> _PROVIDED DATA_

* * * * * * * * *

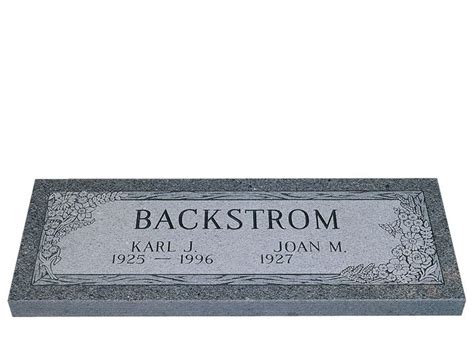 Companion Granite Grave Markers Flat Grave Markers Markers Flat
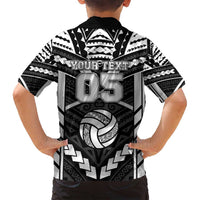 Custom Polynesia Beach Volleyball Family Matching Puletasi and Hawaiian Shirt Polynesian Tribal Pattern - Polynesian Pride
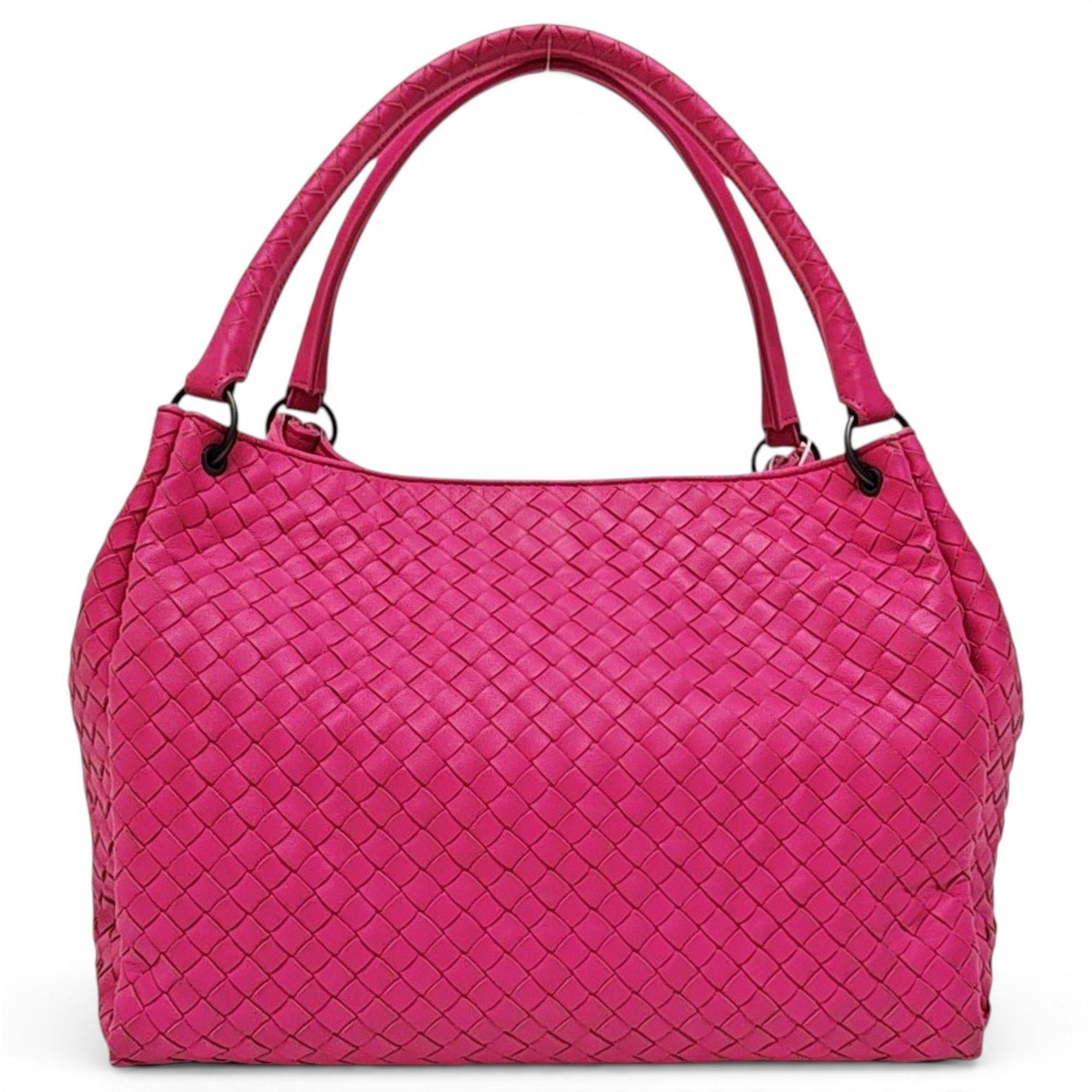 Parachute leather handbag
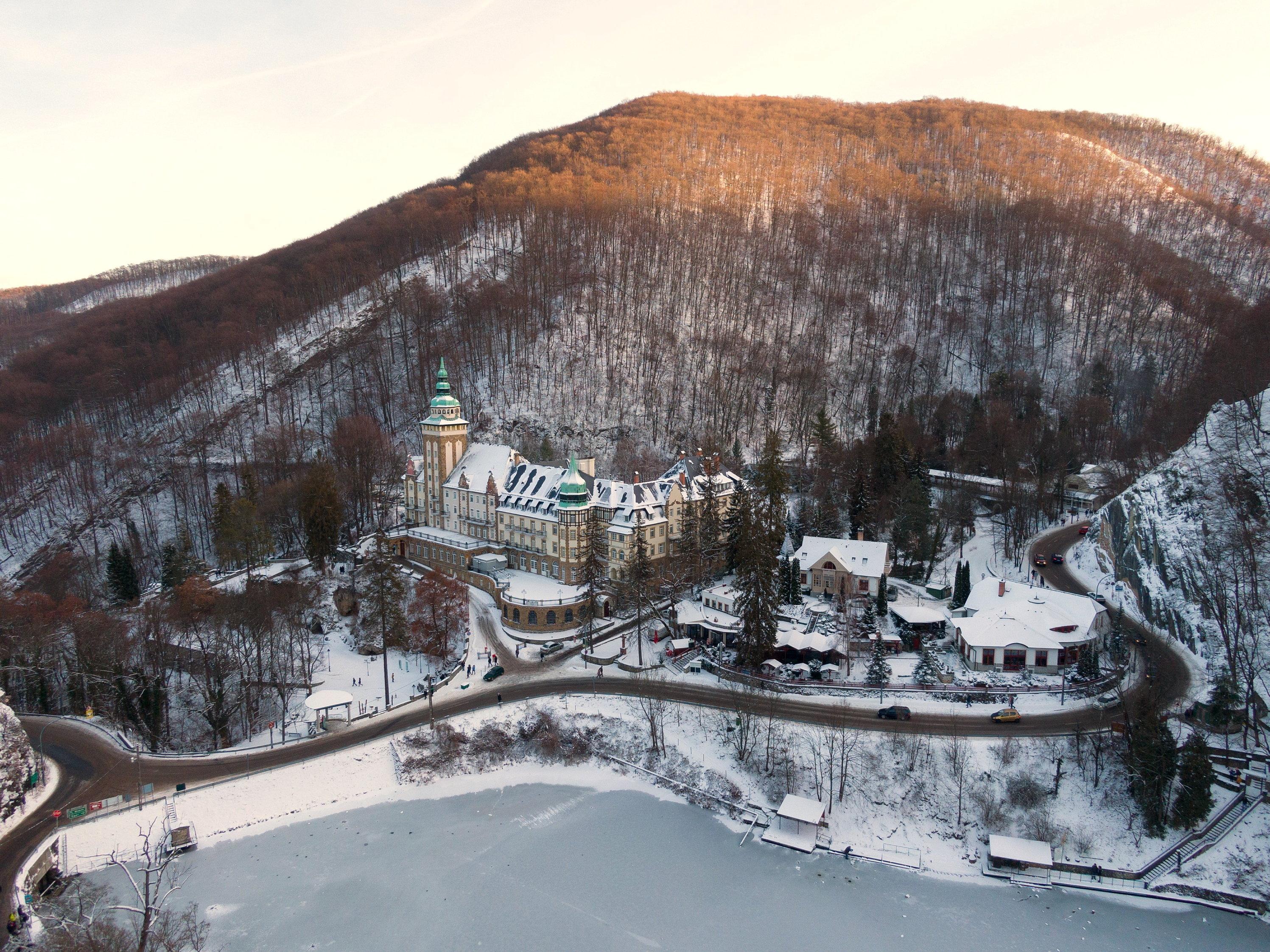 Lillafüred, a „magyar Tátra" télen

* * * * * * * * *

> _YOUR OBJECTIVE_
Pictures stay out. Return exactly the lines from the one with "Parachute leather handbag" through the last line of the data.

> _EXPECTED ANSWER_
 Parachute leather handbag
 Lillafüred, a „magyar Tátra" télen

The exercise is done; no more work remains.